Problem requirements.
Each line of the listing where the string "BOSCH" appears is to be identified and copied.
Segment Open
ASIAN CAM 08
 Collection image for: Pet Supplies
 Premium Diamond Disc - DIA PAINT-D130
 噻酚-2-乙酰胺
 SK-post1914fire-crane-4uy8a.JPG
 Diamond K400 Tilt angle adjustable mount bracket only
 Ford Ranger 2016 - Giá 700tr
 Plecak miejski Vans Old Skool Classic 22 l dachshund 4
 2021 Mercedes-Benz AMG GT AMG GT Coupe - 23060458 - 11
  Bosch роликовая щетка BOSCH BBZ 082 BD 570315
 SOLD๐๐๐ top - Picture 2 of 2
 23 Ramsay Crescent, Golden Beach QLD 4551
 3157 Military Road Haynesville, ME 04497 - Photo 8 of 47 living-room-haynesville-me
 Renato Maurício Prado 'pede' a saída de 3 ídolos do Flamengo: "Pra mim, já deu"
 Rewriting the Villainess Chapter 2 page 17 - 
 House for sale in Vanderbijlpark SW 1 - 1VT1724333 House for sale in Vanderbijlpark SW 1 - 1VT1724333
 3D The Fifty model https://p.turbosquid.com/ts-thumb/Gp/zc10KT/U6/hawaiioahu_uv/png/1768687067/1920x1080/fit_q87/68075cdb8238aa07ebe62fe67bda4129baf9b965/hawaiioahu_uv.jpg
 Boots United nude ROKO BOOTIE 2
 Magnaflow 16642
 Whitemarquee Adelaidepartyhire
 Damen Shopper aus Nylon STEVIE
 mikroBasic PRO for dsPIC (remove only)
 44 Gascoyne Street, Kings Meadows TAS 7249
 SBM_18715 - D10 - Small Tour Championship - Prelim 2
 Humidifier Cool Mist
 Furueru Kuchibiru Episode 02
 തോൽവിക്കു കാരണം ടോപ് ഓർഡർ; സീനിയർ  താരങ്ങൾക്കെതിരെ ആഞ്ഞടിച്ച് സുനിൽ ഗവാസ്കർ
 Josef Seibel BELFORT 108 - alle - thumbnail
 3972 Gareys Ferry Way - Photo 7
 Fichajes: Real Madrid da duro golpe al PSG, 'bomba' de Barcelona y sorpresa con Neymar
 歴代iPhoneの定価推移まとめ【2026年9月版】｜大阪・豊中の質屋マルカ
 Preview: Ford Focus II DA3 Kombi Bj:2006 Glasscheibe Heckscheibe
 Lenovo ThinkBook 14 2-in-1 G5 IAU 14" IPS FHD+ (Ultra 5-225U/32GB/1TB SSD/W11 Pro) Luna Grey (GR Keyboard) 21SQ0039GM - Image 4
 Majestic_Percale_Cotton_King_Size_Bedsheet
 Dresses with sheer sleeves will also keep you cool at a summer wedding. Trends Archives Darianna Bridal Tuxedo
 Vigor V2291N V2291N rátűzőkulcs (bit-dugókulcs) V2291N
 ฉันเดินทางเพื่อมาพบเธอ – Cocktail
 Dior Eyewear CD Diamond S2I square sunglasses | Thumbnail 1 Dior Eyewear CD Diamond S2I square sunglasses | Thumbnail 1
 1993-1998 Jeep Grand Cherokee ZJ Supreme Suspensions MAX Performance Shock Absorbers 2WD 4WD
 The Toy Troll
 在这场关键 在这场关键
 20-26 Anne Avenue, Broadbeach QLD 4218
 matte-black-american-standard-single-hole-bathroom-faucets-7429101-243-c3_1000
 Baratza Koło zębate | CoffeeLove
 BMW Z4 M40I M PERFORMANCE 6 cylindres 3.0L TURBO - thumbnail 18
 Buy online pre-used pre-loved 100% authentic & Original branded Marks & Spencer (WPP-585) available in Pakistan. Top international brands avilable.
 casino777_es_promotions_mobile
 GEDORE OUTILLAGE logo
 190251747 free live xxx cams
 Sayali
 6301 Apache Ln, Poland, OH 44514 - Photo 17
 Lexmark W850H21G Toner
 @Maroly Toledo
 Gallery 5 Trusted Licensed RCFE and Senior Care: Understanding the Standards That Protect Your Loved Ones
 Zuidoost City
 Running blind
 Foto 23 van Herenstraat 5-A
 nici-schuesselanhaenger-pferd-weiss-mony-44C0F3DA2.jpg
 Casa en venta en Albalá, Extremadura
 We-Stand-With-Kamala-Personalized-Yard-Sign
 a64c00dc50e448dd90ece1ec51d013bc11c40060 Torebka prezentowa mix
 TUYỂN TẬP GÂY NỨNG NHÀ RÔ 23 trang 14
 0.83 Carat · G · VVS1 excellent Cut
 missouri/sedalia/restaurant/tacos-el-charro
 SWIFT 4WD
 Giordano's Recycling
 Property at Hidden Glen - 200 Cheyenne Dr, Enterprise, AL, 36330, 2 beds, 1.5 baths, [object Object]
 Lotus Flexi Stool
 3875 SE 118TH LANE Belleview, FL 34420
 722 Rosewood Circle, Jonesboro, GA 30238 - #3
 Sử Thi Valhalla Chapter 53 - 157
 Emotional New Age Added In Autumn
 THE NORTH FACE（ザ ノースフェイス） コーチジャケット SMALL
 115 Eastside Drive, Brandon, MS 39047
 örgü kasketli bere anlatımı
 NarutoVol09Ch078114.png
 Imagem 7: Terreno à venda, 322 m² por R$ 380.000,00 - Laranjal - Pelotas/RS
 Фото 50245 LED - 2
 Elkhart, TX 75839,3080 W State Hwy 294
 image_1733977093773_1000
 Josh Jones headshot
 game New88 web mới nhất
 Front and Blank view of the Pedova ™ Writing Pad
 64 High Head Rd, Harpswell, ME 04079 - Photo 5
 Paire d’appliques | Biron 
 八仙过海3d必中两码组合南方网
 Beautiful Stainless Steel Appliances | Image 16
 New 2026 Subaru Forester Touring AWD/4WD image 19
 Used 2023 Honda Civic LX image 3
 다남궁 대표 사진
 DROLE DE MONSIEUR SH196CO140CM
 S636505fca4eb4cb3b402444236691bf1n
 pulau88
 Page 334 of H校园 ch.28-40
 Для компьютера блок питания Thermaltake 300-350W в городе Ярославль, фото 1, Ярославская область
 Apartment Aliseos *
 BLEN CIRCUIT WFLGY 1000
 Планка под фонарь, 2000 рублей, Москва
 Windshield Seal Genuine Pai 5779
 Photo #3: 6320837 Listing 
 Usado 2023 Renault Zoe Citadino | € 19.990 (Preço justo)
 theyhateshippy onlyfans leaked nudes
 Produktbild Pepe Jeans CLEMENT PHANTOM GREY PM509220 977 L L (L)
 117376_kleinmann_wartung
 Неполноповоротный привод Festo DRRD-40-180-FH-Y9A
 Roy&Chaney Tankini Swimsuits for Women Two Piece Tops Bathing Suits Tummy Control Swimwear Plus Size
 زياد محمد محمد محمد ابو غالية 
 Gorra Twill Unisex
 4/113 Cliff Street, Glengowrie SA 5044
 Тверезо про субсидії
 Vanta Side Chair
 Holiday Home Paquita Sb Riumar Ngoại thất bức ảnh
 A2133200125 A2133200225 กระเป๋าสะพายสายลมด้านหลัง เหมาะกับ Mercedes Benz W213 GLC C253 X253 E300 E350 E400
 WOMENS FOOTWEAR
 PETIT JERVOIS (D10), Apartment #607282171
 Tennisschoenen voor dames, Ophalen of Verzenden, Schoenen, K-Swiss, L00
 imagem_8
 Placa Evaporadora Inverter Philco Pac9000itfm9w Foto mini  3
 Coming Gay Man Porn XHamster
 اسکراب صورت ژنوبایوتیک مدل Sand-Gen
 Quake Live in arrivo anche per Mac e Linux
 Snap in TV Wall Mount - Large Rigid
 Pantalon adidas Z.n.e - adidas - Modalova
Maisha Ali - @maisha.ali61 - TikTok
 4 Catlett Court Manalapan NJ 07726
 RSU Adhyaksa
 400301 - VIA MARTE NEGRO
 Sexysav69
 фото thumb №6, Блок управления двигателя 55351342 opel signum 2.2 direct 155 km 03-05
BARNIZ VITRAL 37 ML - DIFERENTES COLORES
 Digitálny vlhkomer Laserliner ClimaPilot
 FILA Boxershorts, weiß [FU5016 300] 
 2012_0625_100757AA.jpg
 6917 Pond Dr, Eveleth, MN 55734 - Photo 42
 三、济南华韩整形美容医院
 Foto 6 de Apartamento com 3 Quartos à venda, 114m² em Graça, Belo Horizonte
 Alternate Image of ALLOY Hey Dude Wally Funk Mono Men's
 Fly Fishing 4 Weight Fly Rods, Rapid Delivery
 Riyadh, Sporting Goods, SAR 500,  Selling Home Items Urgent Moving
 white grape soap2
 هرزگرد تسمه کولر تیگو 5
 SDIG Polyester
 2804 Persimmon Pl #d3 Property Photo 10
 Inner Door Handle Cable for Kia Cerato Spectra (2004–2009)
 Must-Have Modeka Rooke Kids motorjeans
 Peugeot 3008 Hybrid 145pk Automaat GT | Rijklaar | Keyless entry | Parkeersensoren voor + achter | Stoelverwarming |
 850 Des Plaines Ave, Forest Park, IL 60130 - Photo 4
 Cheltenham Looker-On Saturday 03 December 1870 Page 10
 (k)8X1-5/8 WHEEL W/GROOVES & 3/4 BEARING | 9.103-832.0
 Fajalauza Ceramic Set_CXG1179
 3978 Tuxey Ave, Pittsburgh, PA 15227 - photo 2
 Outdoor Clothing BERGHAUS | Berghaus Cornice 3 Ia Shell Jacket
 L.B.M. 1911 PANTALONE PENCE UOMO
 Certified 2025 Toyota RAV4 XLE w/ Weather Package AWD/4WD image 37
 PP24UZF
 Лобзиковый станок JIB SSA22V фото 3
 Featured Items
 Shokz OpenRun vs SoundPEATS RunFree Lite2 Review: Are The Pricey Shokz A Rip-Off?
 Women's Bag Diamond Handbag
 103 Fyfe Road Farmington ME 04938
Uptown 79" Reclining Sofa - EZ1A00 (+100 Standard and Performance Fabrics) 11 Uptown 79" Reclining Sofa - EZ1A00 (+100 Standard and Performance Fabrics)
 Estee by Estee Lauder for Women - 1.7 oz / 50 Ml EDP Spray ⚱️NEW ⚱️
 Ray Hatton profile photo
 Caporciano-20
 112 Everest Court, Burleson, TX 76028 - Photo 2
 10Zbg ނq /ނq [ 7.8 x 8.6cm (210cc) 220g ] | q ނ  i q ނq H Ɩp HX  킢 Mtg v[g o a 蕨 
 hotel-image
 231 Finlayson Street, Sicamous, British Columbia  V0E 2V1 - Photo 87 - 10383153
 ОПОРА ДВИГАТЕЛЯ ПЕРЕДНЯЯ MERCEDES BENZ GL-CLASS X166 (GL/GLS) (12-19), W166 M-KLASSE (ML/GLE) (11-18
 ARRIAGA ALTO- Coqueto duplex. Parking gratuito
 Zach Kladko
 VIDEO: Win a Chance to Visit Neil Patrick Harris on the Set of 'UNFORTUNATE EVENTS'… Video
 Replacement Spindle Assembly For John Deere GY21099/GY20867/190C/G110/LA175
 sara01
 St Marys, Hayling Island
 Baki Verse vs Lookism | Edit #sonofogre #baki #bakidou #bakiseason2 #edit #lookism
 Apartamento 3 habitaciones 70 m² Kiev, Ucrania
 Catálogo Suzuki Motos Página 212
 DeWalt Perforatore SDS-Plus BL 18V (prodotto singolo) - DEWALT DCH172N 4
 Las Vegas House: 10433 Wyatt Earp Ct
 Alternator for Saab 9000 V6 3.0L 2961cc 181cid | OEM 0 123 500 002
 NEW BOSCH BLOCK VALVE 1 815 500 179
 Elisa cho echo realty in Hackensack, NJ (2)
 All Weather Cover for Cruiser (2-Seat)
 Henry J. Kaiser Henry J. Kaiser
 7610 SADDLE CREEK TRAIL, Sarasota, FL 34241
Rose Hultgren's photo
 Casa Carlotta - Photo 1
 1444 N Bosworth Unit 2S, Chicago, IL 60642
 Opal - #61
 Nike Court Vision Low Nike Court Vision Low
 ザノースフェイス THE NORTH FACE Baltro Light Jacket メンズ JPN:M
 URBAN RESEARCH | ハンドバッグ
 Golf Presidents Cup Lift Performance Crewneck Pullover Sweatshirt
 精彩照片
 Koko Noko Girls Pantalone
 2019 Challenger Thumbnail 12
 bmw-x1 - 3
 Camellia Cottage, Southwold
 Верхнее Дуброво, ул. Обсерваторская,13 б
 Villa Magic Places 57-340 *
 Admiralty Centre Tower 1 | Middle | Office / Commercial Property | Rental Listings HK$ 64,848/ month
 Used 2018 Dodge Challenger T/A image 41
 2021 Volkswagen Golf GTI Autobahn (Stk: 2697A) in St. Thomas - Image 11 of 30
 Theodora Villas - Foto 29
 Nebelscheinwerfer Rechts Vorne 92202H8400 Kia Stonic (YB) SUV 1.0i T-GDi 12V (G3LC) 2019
Segment Closed
Task solution.
  Bosch роликовая щетка BOSCH BBZ 082 BD 570315
 NEW BOSCH BLOCK VALVE 1 815 500 179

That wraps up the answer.